:: GIVEN MATERIAL ::
--------
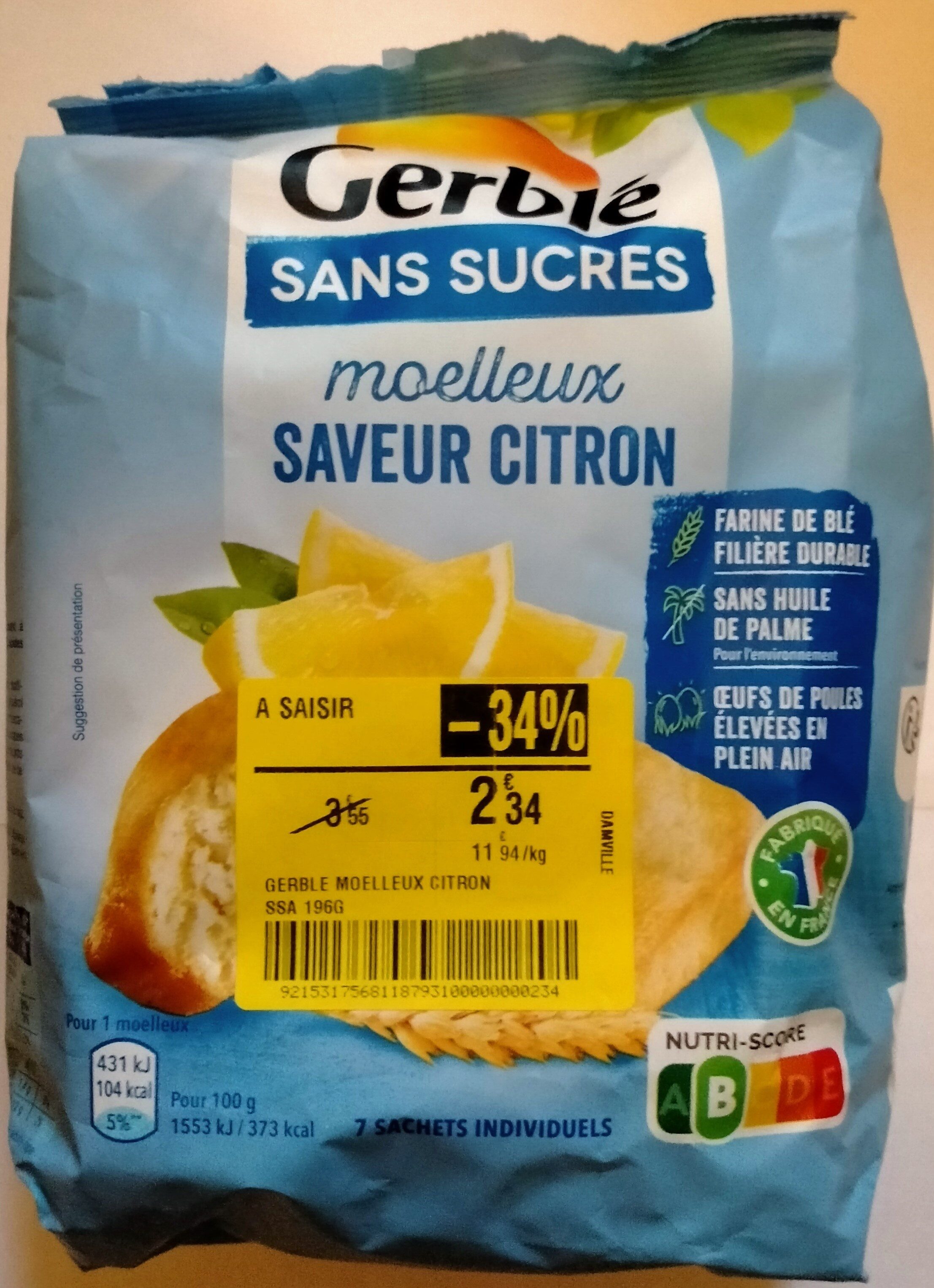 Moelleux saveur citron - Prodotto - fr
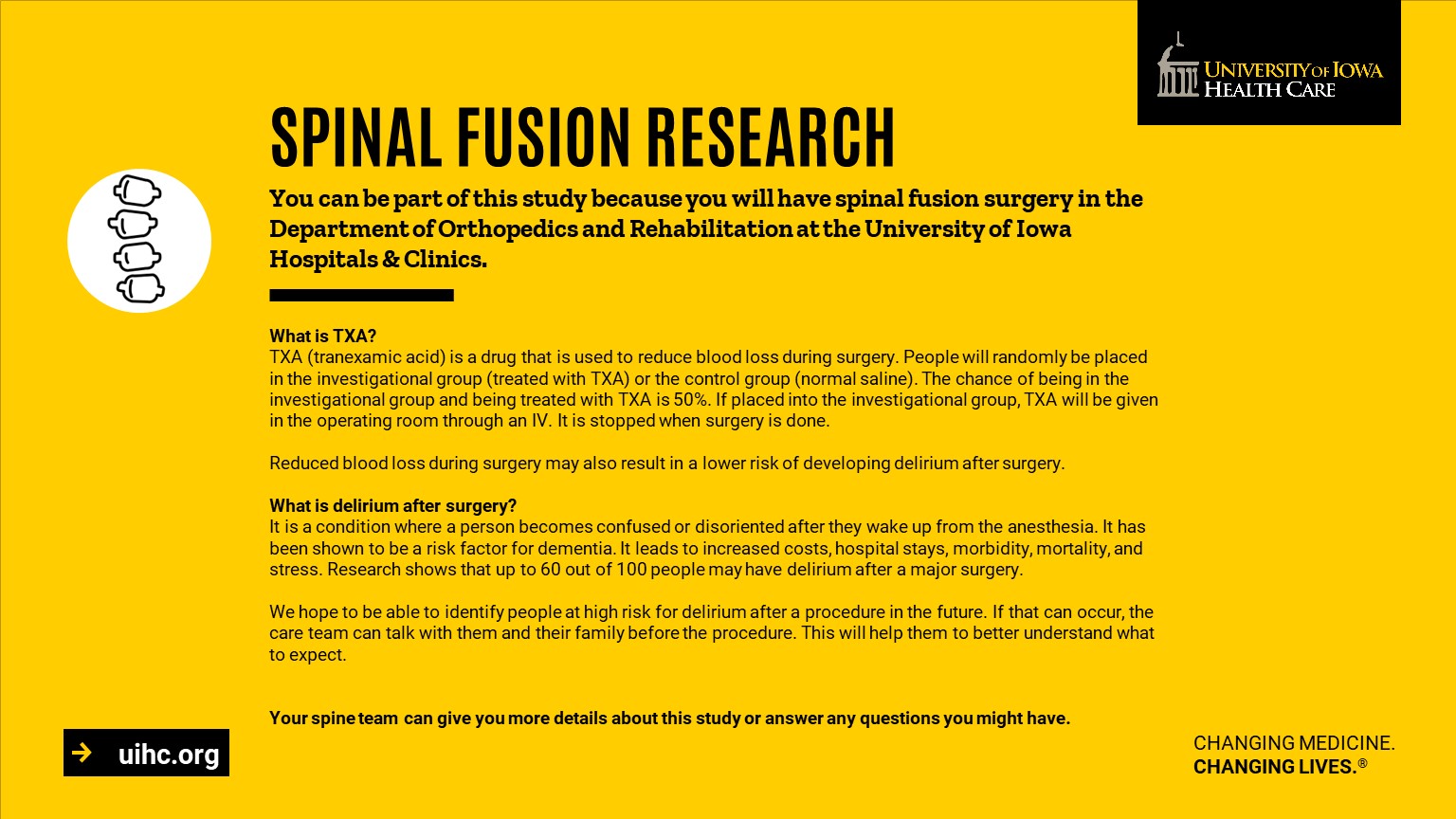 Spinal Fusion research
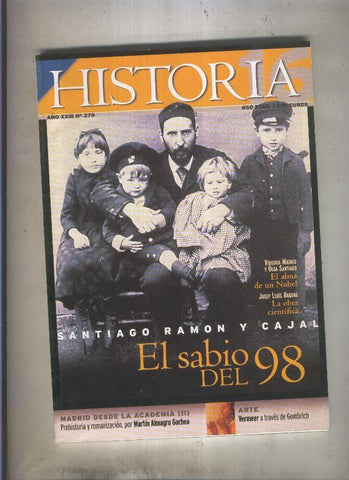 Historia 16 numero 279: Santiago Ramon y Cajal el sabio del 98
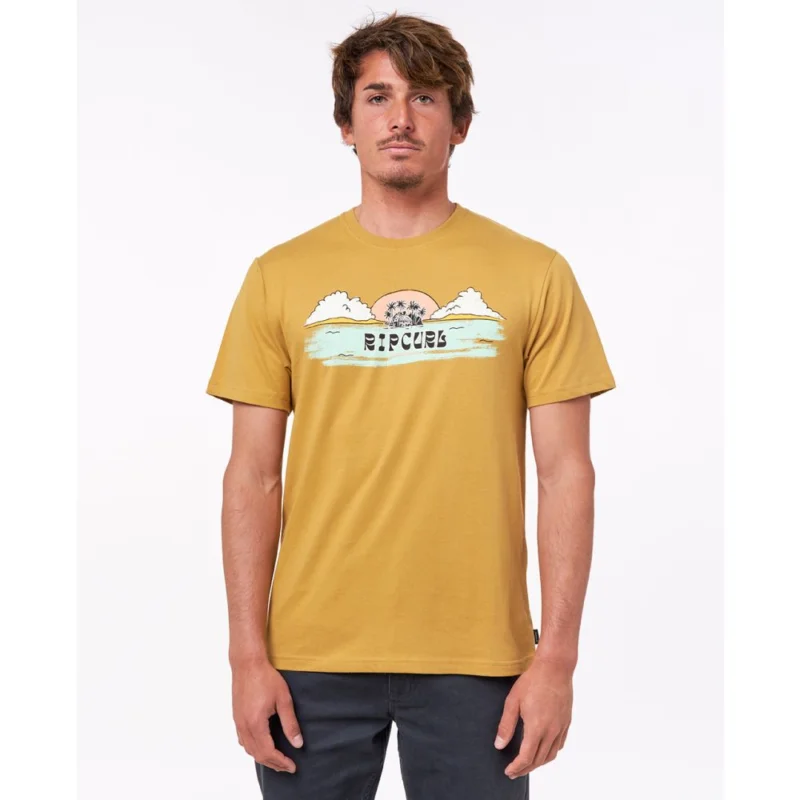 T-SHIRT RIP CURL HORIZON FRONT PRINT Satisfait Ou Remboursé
--------
:: EXERCISE GOAL ::
Put each line of the listing above into the copy exactly, dropping the pictures.

:: RESPONSE ::
 Moelleux saveur citron - Prodotto - fr
 Spinal Fusion research
 Historia 16 numero 279: Santiago Ramon y Cajal el sabio del 98
 T-SHIRT RIP CURL HORIZON FRONT PRINT Satisfait Ou Remboursé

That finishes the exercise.